Mein erstes Mal

Einstiegsdroge Dachsteinrunde

  10 Minuten

Wann?Erlebt von 25. - 28.5.2017
Wo?Dachstein; Bad Goisern – Gröbming – Filzmoos – Abtenau – Bad Goisern
Wie lange?4 Tage, ca. 230 km
Wie hoch?5700 Höhenmeter (inkl. Umwege)

Je jünger man ist, desto häufiger macht man Dinge zum ersten Mal. Zum ersten Mal das Meer sehen, zum ersten Mal freihändig fahren, zum ersten Mal vom Zehner springen. Mit den Jahren werden die ersten Male immer seltener. Warum eigentlich? 

Ich unternehme mit 28 zum ersten Mal alleine eine mehrtägige Biketour mit meinem Gepäck am Rücken. Und dabei kommt gleich eine geballte Ladung erster Male auf mich zu.

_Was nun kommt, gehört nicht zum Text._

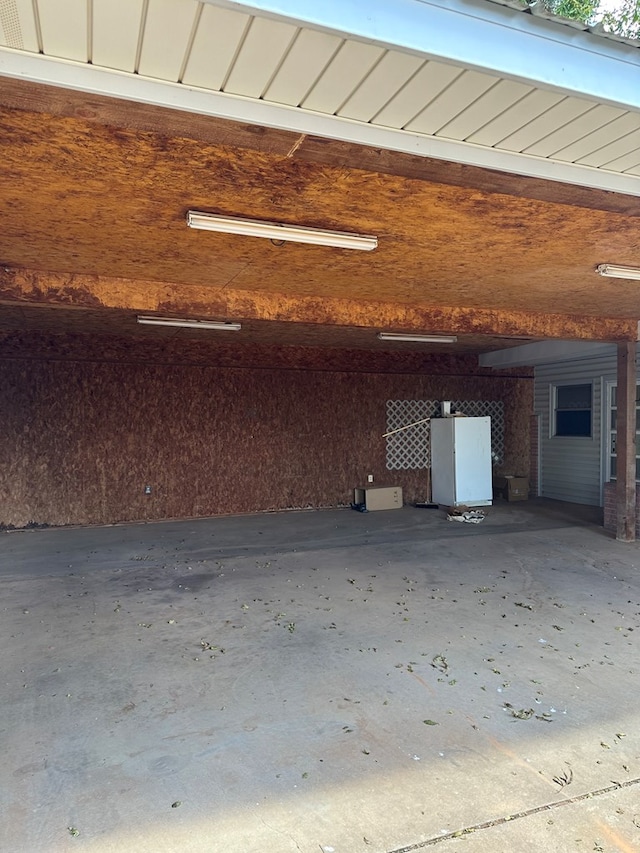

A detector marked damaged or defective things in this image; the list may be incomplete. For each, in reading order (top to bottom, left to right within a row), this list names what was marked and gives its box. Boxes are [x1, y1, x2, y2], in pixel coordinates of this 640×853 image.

crack in concrete [384, 780, 640, 852]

Doch so abenteuerlich das klingen mag – die größte Herausforderung ist erst einmal, mein Vorhaben meiner Mutter zu schildern. Ich habe überlegt, es nicht zu tun, aber meine nervöse Vorfreude und akribische Planung verraten selbst bei den seltenen Treffen, dass ich etwas im Schilde führe.
Ich weiß, sie bemüht sich sehr, ihre Besorgnis in Zaum zu halten, doch es gelingt ihr nicht. Was da alles sein kann, allein als Frau unterwegs. In der Wildnis. Wenn da was passiert …
Hilft nix, da müssen wir beide durch.

Am Morgen des 25. Mai 2017 fällt mein Startschuss.
Große Augen. Ich fische mein Bike aus dem Kofferraum, wo es in einer zähen Suppe aus Dichtmilch schwimmt. Während ich eine Etage höher das nächtliches Gewitter in Bad Goisern hab vorüberziehen lassen, muss sich wohl die Dichtmilch meines Tubeless-Hinterreifens in die ewigen Kofferraumritzen verabschiedet haben.
Am Feiertag kann ich keine Dichtmilch kaufen und jammern hilft auch nichts, wenn keine Zuhörer in der Nähe sind. Also Pumpe raus aus dem perfekt gepackten Rucksack und ausprobieren, mit wie viel - oder wenig - Dichtmilch so ein Reifen auskommt.
Naja, den Startschuss zu meiner ersten Solo-Mehrtages-Mountainbiketour hatte ich mir anders vorgestellt. Irgendwie heldenhafter.

Ich rolle vorbei am Agathawirt und bin wenige Meter später sehr dankbar für den vorabendlichen Tipp des Wirts: “Isst halt net z’vü zum Frühstück, der Pötschenpass ziagt gonz schen on”.
Recht hat er! Die alte, gepflasterte Straße bäumt sich auf und ich trau mich nicht, so früh am Morgen schon Pausen zu machen. Noch nie zuvor habe ich 2000 Höhenmeter an einem Tag absolviert und kann noch nicht gut abschätzen, wie viel Kraft und Zeit mich das kostet.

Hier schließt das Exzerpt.